# [SOURCE RECORDS]
Segment Open
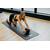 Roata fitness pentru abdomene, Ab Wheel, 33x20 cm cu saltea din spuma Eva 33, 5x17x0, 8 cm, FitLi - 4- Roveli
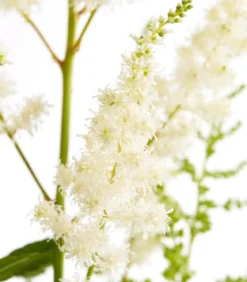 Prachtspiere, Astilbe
Segment Closed
Segment Open
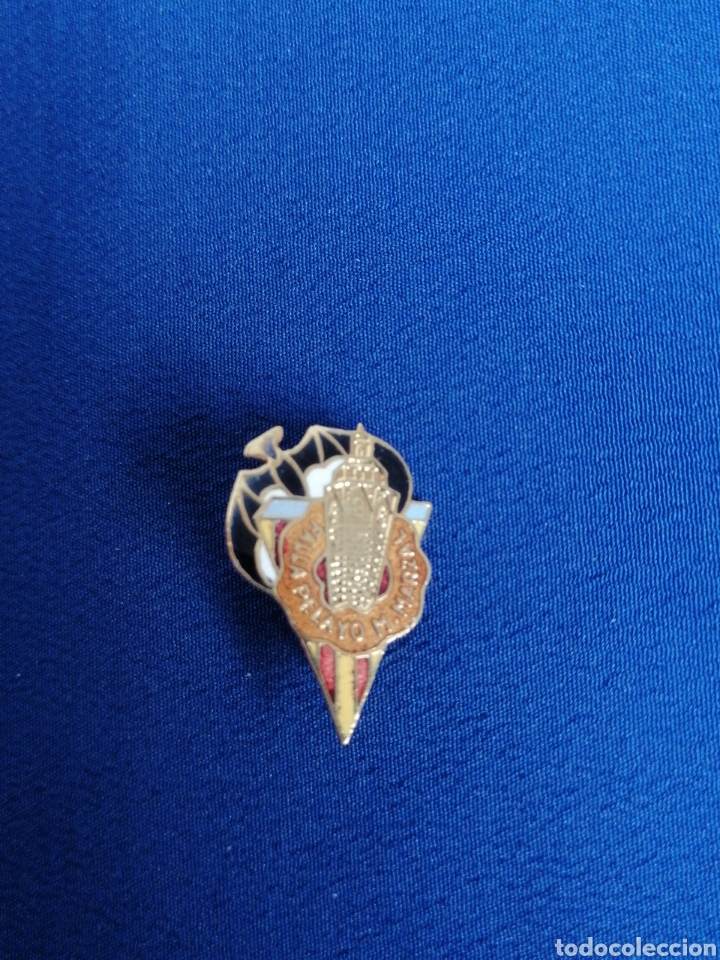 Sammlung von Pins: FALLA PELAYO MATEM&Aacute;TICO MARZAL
Segment Closed
# [WHAT TO WORK ON]
All pictures are to be skipped. Output, word for word, the lines in the data above starting at the line containing "Roata fitness pentru" and ending at the line containing "Prachtspiere, Astilbe".

# [WRITTEN SOLUTION]
 Roata fitness pentru abdomene, Ab Wheel, 33x20 cm cu saltea din spuma Eva 33, 5x17x0, 8 cm, FitLi - 4- Roveli
 Prachtspiere, Astilbe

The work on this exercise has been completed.